OTTAWA (Canada): In what could be billed as a getting-to-know-you-better meeting, the Dalai Lama will drop in on Gov. Gen. Michaelle Jean at Rideau Hall Monday during his visit to the nation’s capital.

As a former CBC broadcaster, Jean interviewed the Nobel laureate during a visit he made to Canada in April 2004.

Marthe Blouin, a spokeswoman for Jean, said the afternoon meeting with the Dalai Lama is expected to last about 30 minutes and will be closed to the media. It is expected the exiled Tibetan spiritual leader will be coming from Parliament Hill where he is scheduled to sit down with Prime Minister Stephen Harper, the three leaders of the Opposition and an all-party group of parliamentarians, in separate meetings.

Blouin said organizers of the Dalai Lama’s visit to Ottawa requested the meeting about a month ago and it was decided to hold it Jean’s residence. Jean’s husband, filmmaker Jean-Daniel Lafond, may attend the meeting if he is available, she added.

The Dalai Lama’s public schedule will be in sharp contrast to his last visit to Ottawa when former prime minister Paul Martin met him privately to avoid angering the Chinese government.
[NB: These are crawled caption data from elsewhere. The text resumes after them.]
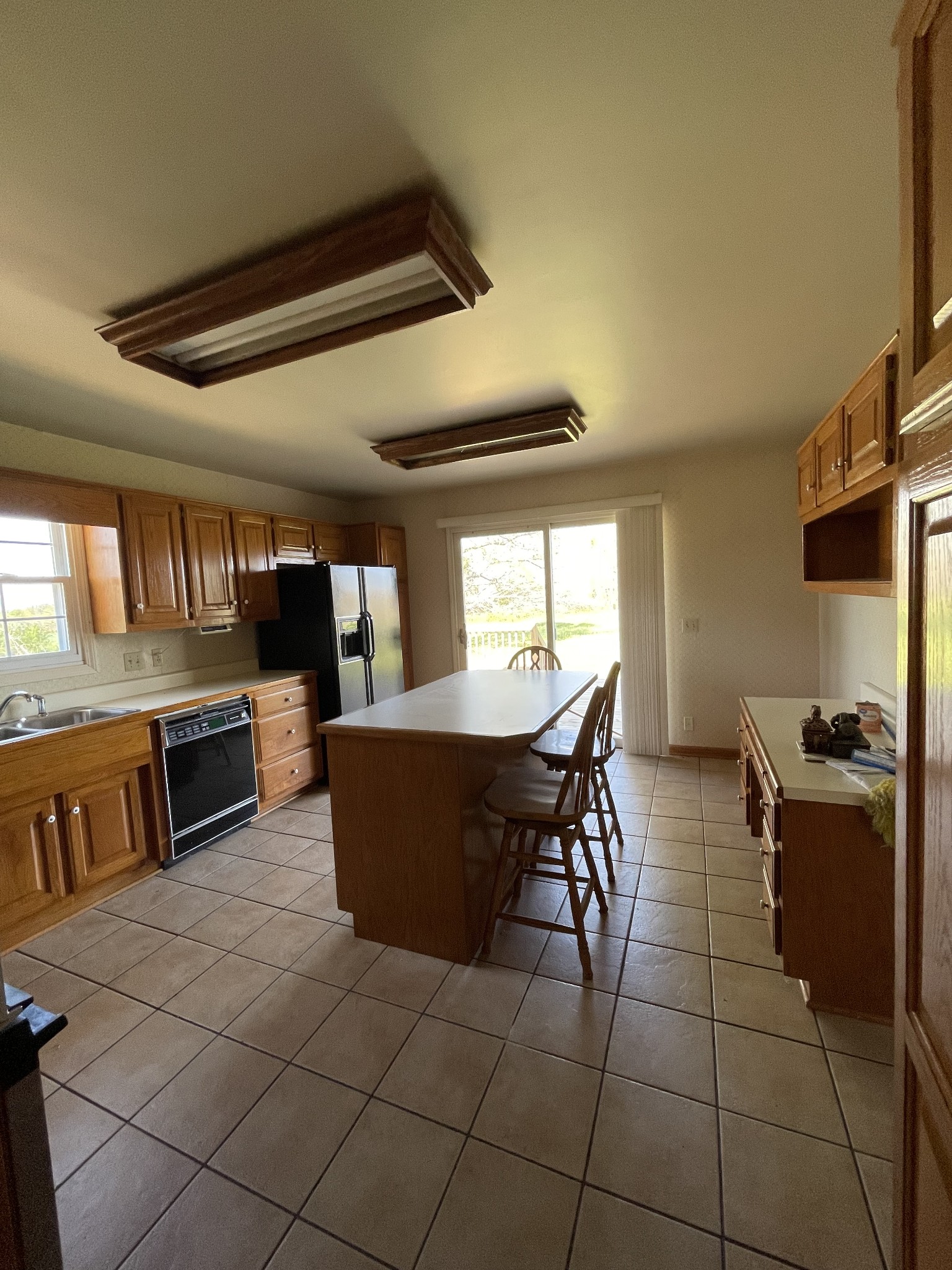912 Long Creek Road Lafayette, TN 37083 - Photo 6 of 21 a kitchen with stainless steel appliances granite countertop a stove a sink dishwasher a dining table and chairs with wooden floor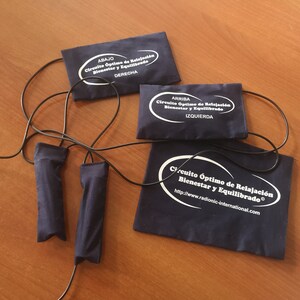 Puede incluir: Un conjunto de almohadillas y mangos de relajación azul marino conectados por cables negros. Las almohadillas tienen texto blanco que dice "Circuito Óptimo de Relajación Bienestar y Equilibrado" y etiquetas direccionales. También se ve una dirección web.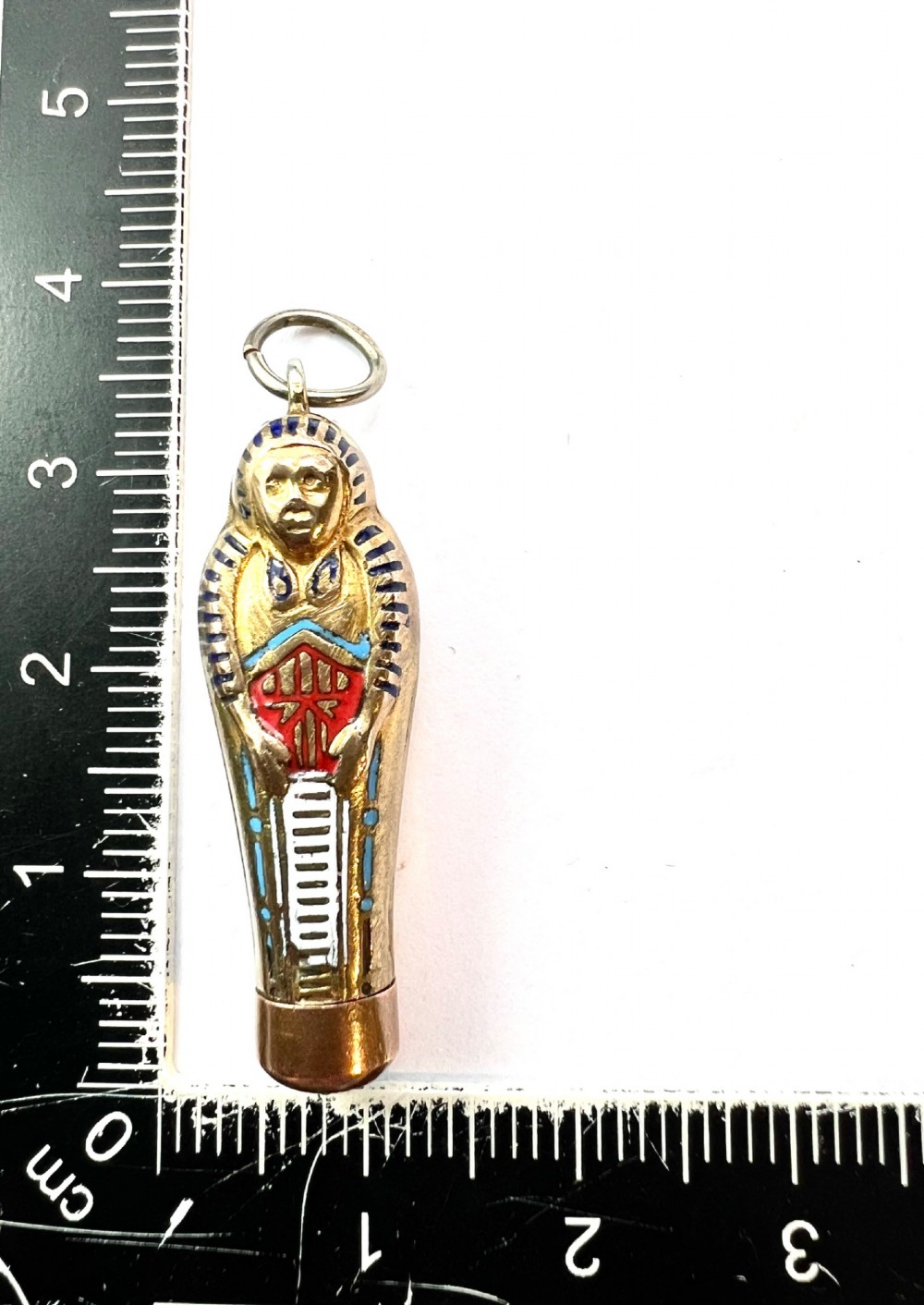 An antique gilt metal sarcophagus-shaped propelling pencil pendant featuring colourful blue, red, and white enamel decoration with a top jump ring. View VII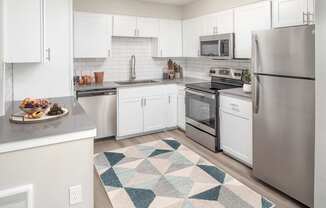 A kitchen with white cabinets and a rug on the floor.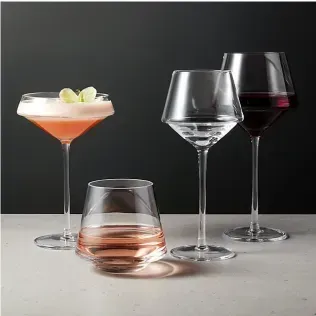 Four distinct glassware pieces, including stemmed glasses and a tumbler, holding varied drinks against a dark backdrop.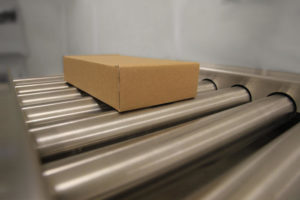Pesage en ligne de cartons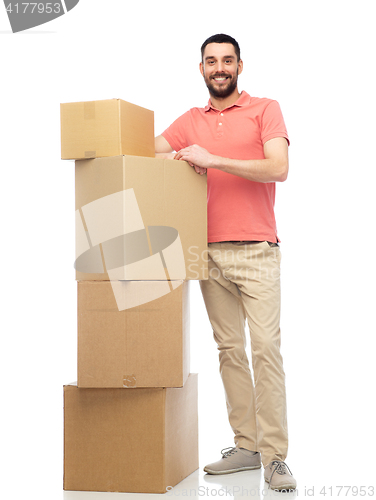 Image of happy man with cardboard boxes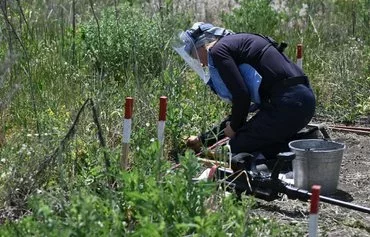 Shpak clears mines outside the village of Snigurivka, Mykolaiv province, on June 4 amid the Russian invasion of Ukraine. [Genya Savilov/AFP]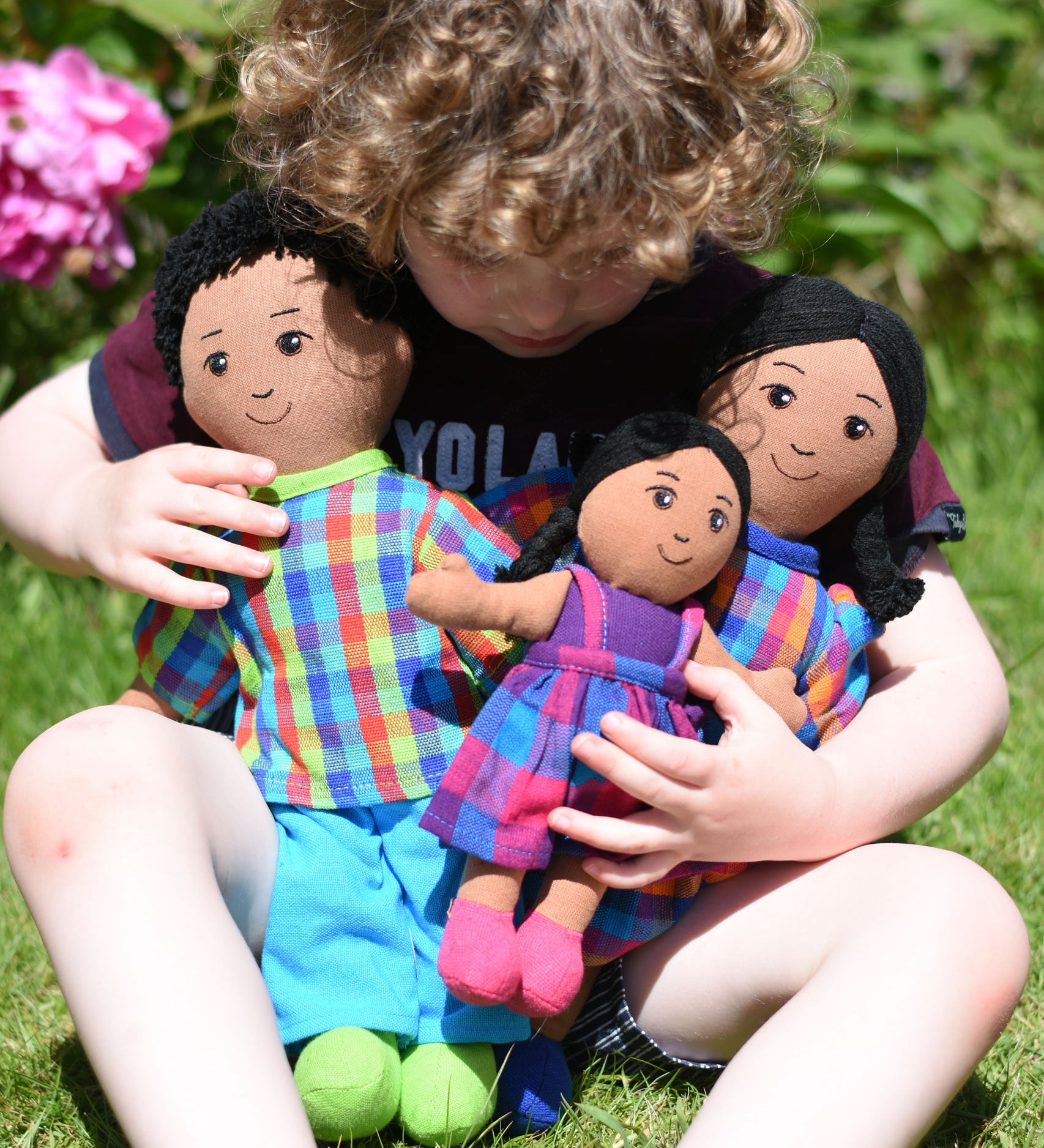 A child cuddling a Lanka Kade doll family, dad, mum and girl. The family all have brown skin and black hair. 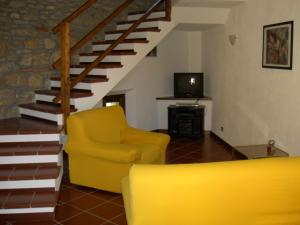 a living room with a yellow chair and stairs at Bricco di Sant' Eufemia in Bossolasco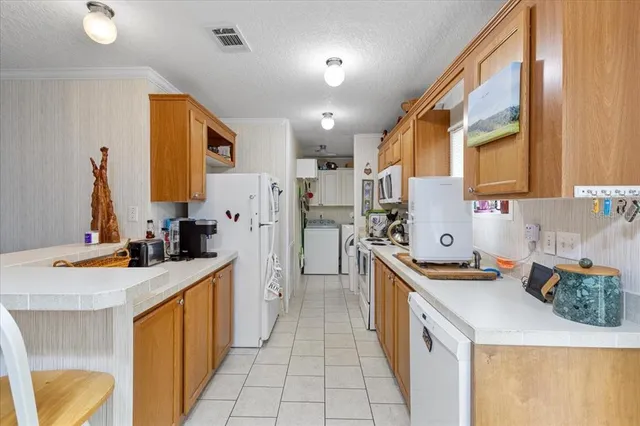 a kitchen with stainless steel appliances kitchen island granite countertop a sink stove and refrigerator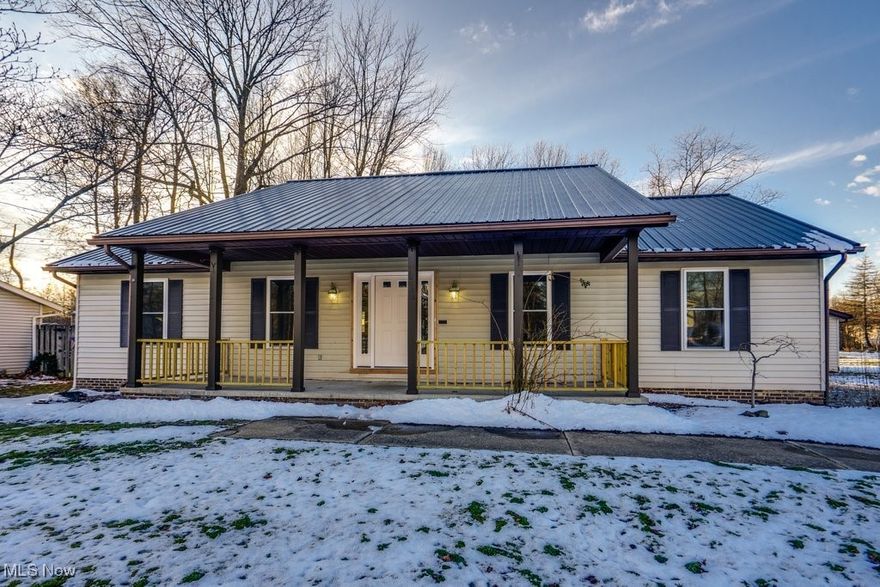 Fully renovated in 2025 and ready for its next chapter, this Aurora home checks all the boxes. Located in Summit County with highly regarded Aurora City Schools, this property has been thoughtfully updated from top to bottom with quality finishes and timeless choices.  Major improvements completed in 2025 include a new metal roof, new windows, and a new front door, providing peace of mind and long-term durability. Inside, the kitchen has been completely redesigned, featuring brand-new cabinetry, countertops, and stainless steel appliances, making it both functional and welcoming. The shared bathroom has been fully updated, and all new flooring and fresh paint throughout give the home a clean, cohesive feel.  Enjoy the added living space with two brand-new porches—one off the dining room, perfect for everyday use, and another off the primary bedroom, offering a quiet retreat. A two-car detached garage adds convenience and storage.  This is a move-in-ready home where the big-ticket items are already done. If you’re looking for a solid, updated property in a desirable Aurora location, this one is worth a closer look.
Harper will allow cameras to record the moment.

In 2004, Martin met the Dalai Lama at the home of Ottawa Roman Catholic Archbishop Marcel Gervais in what was billed as a historic – but private – meeting after Jean Chretien, his predecessor, refused to see him while he was prime minister.

Harper will be the fourth Western leader to meet the Dalai Lama in recent weeks, after U.S. President George W. Bush, German Chancellor Angela Merkel and Austrian Chancellor Alfred Gusenbauer.

In the run-up to the 2008 Olympics, the 72-year-old Buddhist leader is attempting to raise the profile of Tibet’s struggle under the communist regime of China. The Nobel laureate is an honorary Canadian citizen who has been living in exile in India since 1959.

The Chinese government has already expressed its unhappiness over the three-day schedule for the Dalai Lama in Canada. A statement from the Chinese Embassy in Ottawa called the charismatic leader “a political exile who has long been engaged in activities aimed at splitting China under the camouflage of religion.” It believes he is a political force advocating for “Tibet independence.”

However, the Dalai Lama has continually denied seeking independence for his country, saying his people are rather pushing for autonomy to use their language and practise their religion within China.